## DESCRIPTION OF THE TASK
Beginning at the top of the data below, write out every line exactly until you reach the line with "Bedside Nightstand Table", and include that line.

[Opening DATA EXTRACTS section]

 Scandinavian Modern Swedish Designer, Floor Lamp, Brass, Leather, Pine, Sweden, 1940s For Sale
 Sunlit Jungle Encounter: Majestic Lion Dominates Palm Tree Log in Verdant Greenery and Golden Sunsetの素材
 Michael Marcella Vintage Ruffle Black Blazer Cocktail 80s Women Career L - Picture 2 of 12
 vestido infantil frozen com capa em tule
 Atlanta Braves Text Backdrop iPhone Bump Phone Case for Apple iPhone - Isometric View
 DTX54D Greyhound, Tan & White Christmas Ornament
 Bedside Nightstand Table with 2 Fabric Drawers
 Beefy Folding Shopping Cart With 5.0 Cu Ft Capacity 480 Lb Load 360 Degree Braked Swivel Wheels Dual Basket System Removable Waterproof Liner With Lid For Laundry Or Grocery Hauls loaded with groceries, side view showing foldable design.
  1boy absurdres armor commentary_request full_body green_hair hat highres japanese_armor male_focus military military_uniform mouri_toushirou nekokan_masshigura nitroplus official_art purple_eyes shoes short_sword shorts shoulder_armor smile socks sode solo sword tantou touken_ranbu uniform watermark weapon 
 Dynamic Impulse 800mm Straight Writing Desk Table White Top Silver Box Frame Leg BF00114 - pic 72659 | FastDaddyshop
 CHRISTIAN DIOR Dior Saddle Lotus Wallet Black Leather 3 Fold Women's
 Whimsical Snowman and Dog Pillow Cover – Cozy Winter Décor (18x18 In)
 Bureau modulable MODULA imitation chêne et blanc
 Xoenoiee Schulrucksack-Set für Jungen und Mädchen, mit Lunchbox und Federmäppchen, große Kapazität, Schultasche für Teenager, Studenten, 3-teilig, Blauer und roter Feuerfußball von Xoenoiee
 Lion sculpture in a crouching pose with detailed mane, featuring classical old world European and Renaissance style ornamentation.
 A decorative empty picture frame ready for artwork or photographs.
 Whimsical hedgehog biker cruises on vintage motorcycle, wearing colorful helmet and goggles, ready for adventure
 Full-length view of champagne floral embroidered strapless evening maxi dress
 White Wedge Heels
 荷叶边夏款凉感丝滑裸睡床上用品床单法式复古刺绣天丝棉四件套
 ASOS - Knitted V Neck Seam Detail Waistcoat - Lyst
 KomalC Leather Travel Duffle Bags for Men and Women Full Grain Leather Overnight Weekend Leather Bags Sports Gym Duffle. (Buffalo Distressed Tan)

[Closing DATA EXTRACTS section]

## TASK OUTPUT
 Scandinavian Modern Swedish Designer, Floor Lamp, Brass, Leather, Pine, Sweden, 1940s For Sale
 Sunlit Jungle Encounter: Majestic Lion Dominates Palm Tree Log in Verdant Greenery and Golden Sunsetの素材
 Michael Marcella Vintage Ruffle Black Blazer Cocktail 80s Women Career L - Picture 2 of 12
 vestido infantil frozen com capa em tule
 Atlanta Braves Text Backdrop iPhone Bump Phone Case for Apple iPhone - Isometric View
 DTX54D Greyhound, Tan & White Christmas Ornament
 Bedside Nightstand Table with 2 Fabric Drawers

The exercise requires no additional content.